**Required action**.
Would you repeat every line of the material exactly?

**Information given**.

-- Opening Marker --

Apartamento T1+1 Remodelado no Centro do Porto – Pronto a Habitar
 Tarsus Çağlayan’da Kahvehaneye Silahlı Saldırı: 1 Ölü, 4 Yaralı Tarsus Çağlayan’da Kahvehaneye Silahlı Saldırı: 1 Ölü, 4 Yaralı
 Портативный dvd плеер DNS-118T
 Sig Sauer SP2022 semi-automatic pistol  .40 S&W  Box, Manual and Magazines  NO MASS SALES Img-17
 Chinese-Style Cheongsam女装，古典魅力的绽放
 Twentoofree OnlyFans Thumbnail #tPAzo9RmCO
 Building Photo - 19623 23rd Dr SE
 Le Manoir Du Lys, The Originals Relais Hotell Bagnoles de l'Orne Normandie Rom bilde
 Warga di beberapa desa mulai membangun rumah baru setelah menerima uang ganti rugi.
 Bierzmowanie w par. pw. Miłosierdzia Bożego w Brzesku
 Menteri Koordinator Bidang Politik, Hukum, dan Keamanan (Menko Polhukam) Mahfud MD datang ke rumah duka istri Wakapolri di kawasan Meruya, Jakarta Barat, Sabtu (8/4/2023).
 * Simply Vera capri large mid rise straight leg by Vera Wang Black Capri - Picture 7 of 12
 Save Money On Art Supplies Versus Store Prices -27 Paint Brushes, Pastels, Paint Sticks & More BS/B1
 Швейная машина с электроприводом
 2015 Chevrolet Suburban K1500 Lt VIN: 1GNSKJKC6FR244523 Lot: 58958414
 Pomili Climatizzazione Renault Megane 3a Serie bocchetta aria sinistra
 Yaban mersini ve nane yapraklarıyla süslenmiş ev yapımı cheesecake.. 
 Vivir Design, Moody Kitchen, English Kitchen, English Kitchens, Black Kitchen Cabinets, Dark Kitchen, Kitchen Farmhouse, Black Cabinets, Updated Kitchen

-- Closing Marker --

**Task answer**.
Apartamento T1+1 Remodelado no Centro do Porto – Pronto a Habitar
 Tarsus Çağlayan’da Kahvehaneye Silahlı Saldırı: 1 Ölü, 4 Yaralı Tarsus Çağlayan’da Kahvehaneye Silahlı Saldırı: 1 Ölü, 4 Yaralı
 Портативный dvd плеер DNS-118T
 Sig Sauer SP2022 semi-automatic pistol  .40 S&W  Box, Manual and Magazines  NO MASS SALES Img-17
 Chinese-Style Cheongsam女装，古典魅力的绽放
 Twentoofree OnlyFans Thumbnail #tPAzo9RmCO
 Building Photo - 19623 23rd Dr SE
 Le Manoir Du Lys, The Originals Relais Hotell Bagnoles de l'Orne Normandie Rom bilde
 Warga di beberapa desa mulai membangun rumah baru setelah menerima uang ganti rugi.
 Bierzmowanie w par. pw. Miłosierdzia Bożego w Brzesku
 Menteri Koordinator Bidang Politik, Hukum, dan Keamanan (Menko Polhukam) Mahfud MD datang ke rumah duka istri Wakapolri di kawasan Meruya, Jakarta Barat, Sabtu (8/4/2023).
 * Simply Vera capri large mid rise straight leg by Vera Wang Black Capri - Picture 7 of 12
 Save Money On Art Supplies Versus Store Prices -27 Paint Brushes, Pastels, Paint Sticks & More BS/B1
 Швейная машина с электроприводом
 2015 Chevrolet Suburban K1500 Lt VIN: 1GNSKJKC6FR244523 Lot: 58958414
 Pomili Climatizzazione Renault Megane 3a Serie bocchetta aria sinistra
 Yaban mersini ve nane yapraklarıyla süslenmiş ev yapımı cheesecake.. 
 Vivir Design, Moody Kitchen, English Kitchen, English Kitchens, Black Kitchen Cabinets, Dark Kitchen, Kitchen Farmhouse, Black Cabinets, Updated Kitchen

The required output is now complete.